Christian Jacq'nun bu kitabını dilimize Rıza Yalt çevirmiş. Kitabımız aslında üç kitapdan oluşan "Ramses" serisinin bir parçası. "Işığın Oğlu" ve "Kadeş Savaşı" üçlü serinin diğer iki kitabı. Bu üç kitapda Remzi Yayınevi orjinli eserler arasında.
Tabir-i uygun ise kitabımızın mutfağından kısaca söz ettikten sonra, tadımlıkda olsa öykümüze değinelim dilerseniz.
Romanımızın öyküsü tarihin en gizemli uygarlığı kabul edilen Mısır uygarlığının bulunduğu Mısır coğrafyasında geçiyor. Kitabımızın kahramanı Ramses, genç yaşına rağmen babası Seti'nin ölümüyle tahta geçen genç bir Firavundur. Ramses çevresinde gözü pek, açık sözlü, kararlı ve sağı solu pekde belli olmayan deli dolu biri olarak tanınmaktadır. Ramses, Seti'nin adaletli, bolluk ve bereket içinde geçen parlak hükümranlık yıllarından sonra Mısır'ı yönetmenin hiç de kolay olmadığının farkındadır.
Zorluklarına rağmen Ramses, Firavunluğun kendisinin yapmak zorunda olduğu bir görev olduğuna karar verir. (Bu andan itibaren kitapda sahneyi;hırs, öfke, ihanet ve makam tutkusu alacaktır.)
Firavun olabilmek için gerekli olan cesaret Ramses'de vardır ama cesaret tek başına yeterli olmayacaktır. Seti'den oğlu Ramses'e kalan tek şey hükümdarlık değildir. Seti'nin ünü ülke sınırlarını aşmış kraliçesi Tuya, tecrübesiyle oğlunun yani Ramses'in yolunu aydınlatmaktadır. Ramses'in güzelliği dillere destan eşi Nefertari. çocukluk arkadaşları Musa, Aşa, Setau ve Ameni genç Firavun'un sadık dostları ve yardımcılarıdır.
Herşeye rağmen Seti; otoritesi ve lider vasıflarıyla yeri doldurulması imkansız bir Firavundur halkın gözünde. Mısır tahtına babasının vasiyeti üzerine abisi Şenar'ı safdışı ederek oturan Ramses'i düşündüğünden çok büyük tehlikeler beklemektedir.
Çok Tanrı'lı Mısır'da tek Tanrı'ya inanan büyücü Ofir, Ramses'in hükümdarlığını bir türlü kabullenemeyen sinsi Şenar ve Hititler lehine çalışan casuslar dahildeki düşmanlardan bazılarıdır.

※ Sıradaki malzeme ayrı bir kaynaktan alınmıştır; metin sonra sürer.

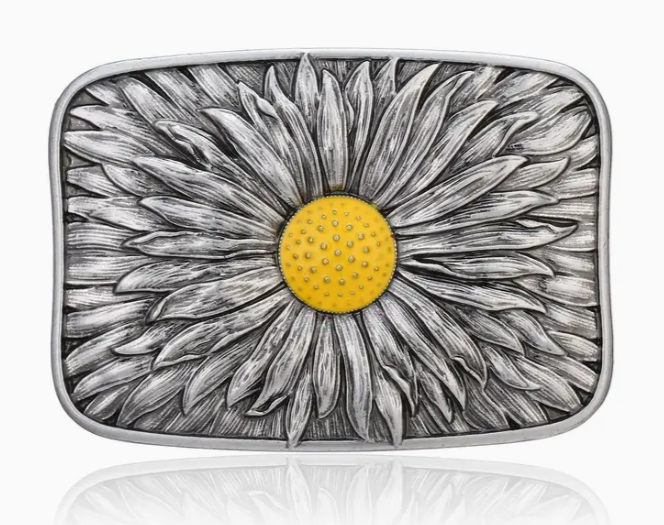2pcs Wholesale Sunflower Belt Buckle for Women 1809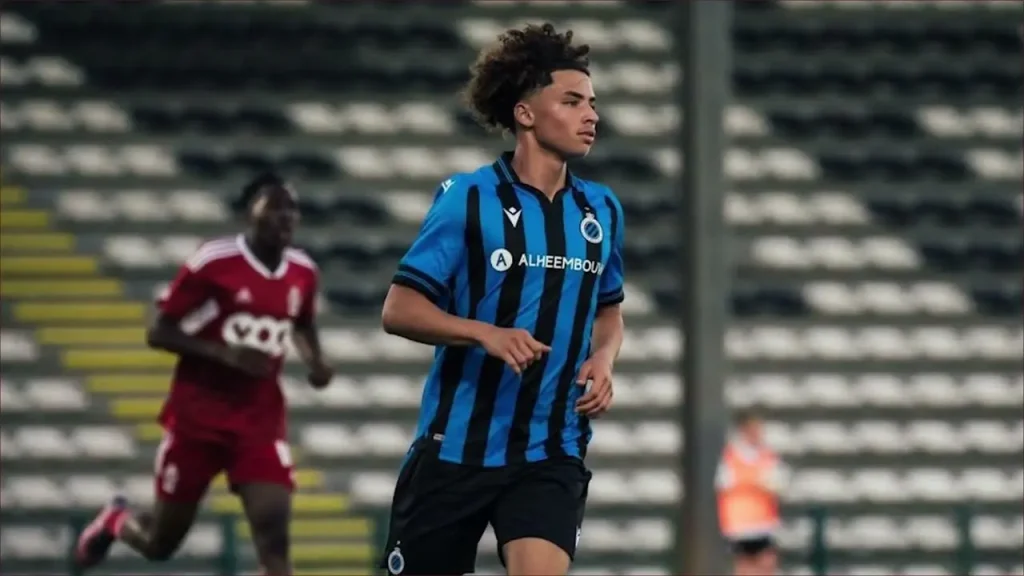 Shams al -Din al -talbi records a dualism and leads Klopp Bruges to qualify in the Champions League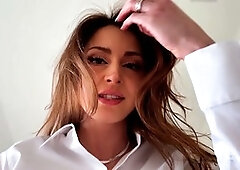 Hot milf stepmom, share bed, hot cumshot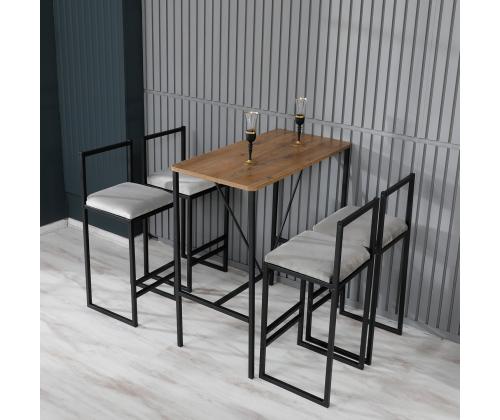 Kalustesarja baarijakkarat Nordic - Cream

Bu düşmanlarla kapışmak zorunda olan Ramses'i hariçtede, yıllardır zengin Mısır'ı ele geçirme hayalleri kuran savaşçı Hititler beklemektedir.
Birbirinden bağımsız gibi görünen bir sürü olayın kitabın sonunda kesişmesi ise kitabın üslubuna ayrı bir renk katmış.
Kitap öyküsü ve sürükleyici serüveni açısından oldukça başarılı olmuş. Fakat çeviri bir kitap olmasından kaynaklandığını düşündüğüm büyük bir boşluk kendini hissettirmiş. O'da kitabın üslubunun çok sade, tabir-i diğer ile edebi yönünün yetersiz kalmış olması. Yinede üslubun sadeliği kimi okuyucunun nezdinde, kitapda olması gereken vasıflardan biri olarak kabul edildiğinden, "MİLYONLARCA YILIN TAPINAĞI" eksiklerine rağmen okunmaya değer bir eser olmuş.